■ About this task
Once you reach the line with "286 - Orrefors" below, copy each line exactly, stopping after the line with "3315 Dry Creek", and skip any pictures.

■ Data for this exercise
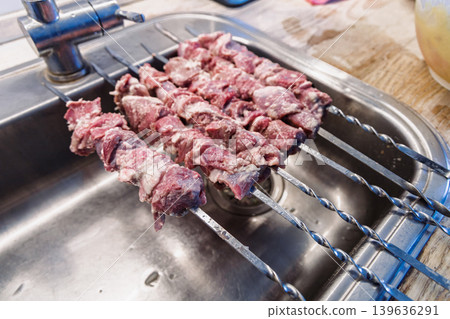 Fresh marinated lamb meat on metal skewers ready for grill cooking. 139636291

==

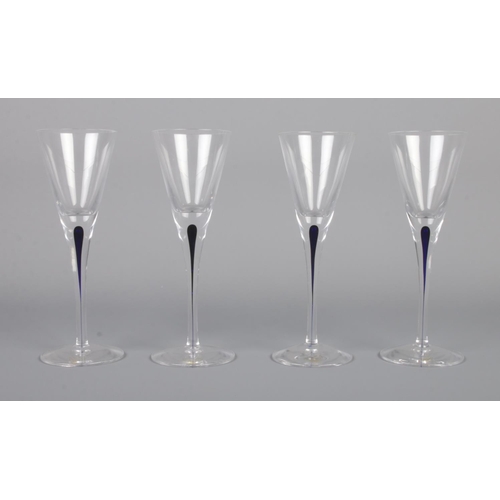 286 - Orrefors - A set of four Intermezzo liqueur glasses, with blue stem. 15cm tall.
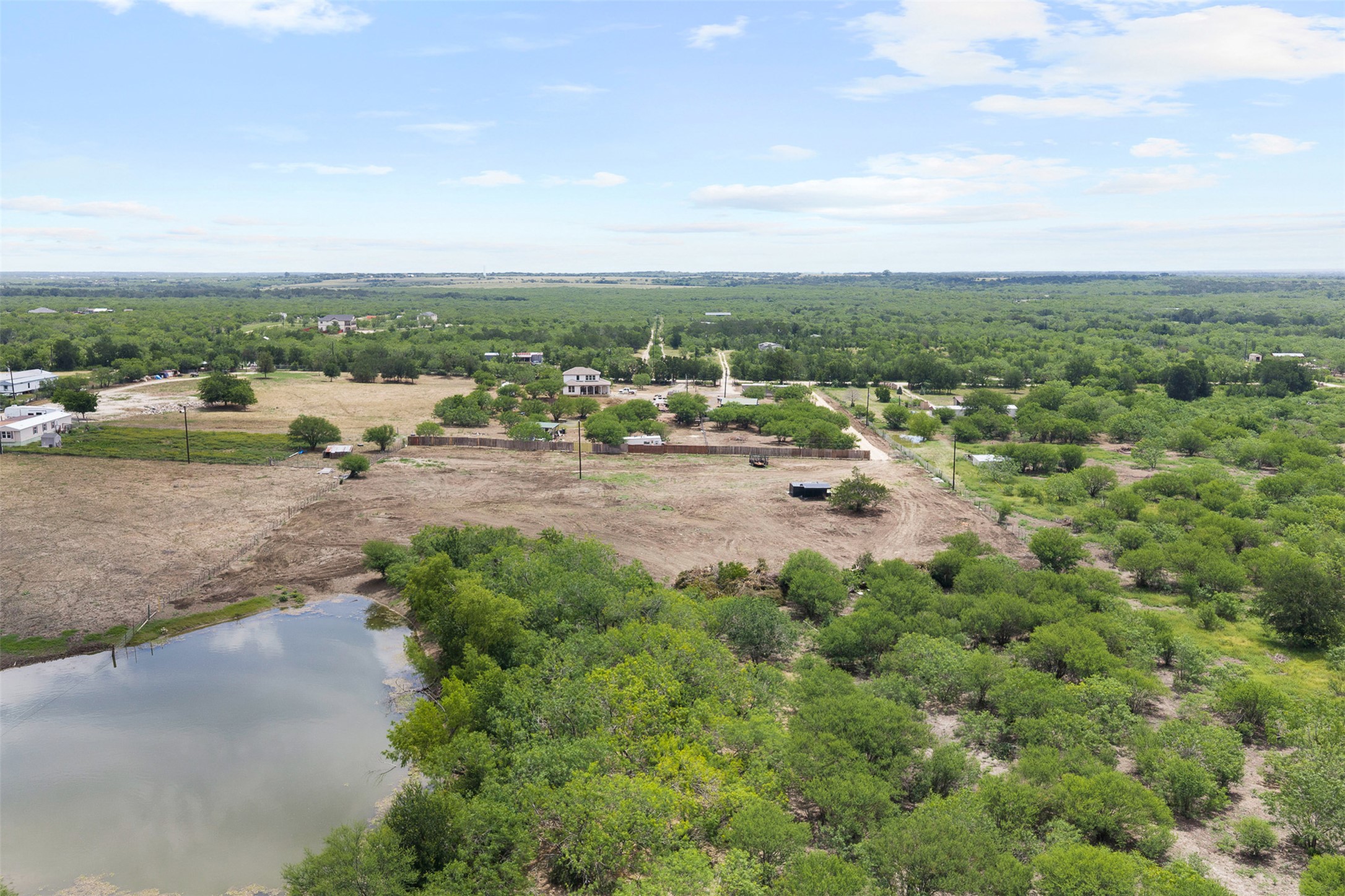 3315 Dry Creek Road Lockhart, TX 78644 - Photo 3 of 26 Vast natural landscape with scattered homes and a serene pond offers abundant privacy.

■ Exercise solution
 286 - Orrefors - A set of four Intermezzo liqueur glasses, with blue stem. 15cm tall.
 3315 Dry Creek Road Lockhart, TX 78644 - Photo 3 of 26 Vast natural landscape with scattered homes and a serene pond offers abundant privacy.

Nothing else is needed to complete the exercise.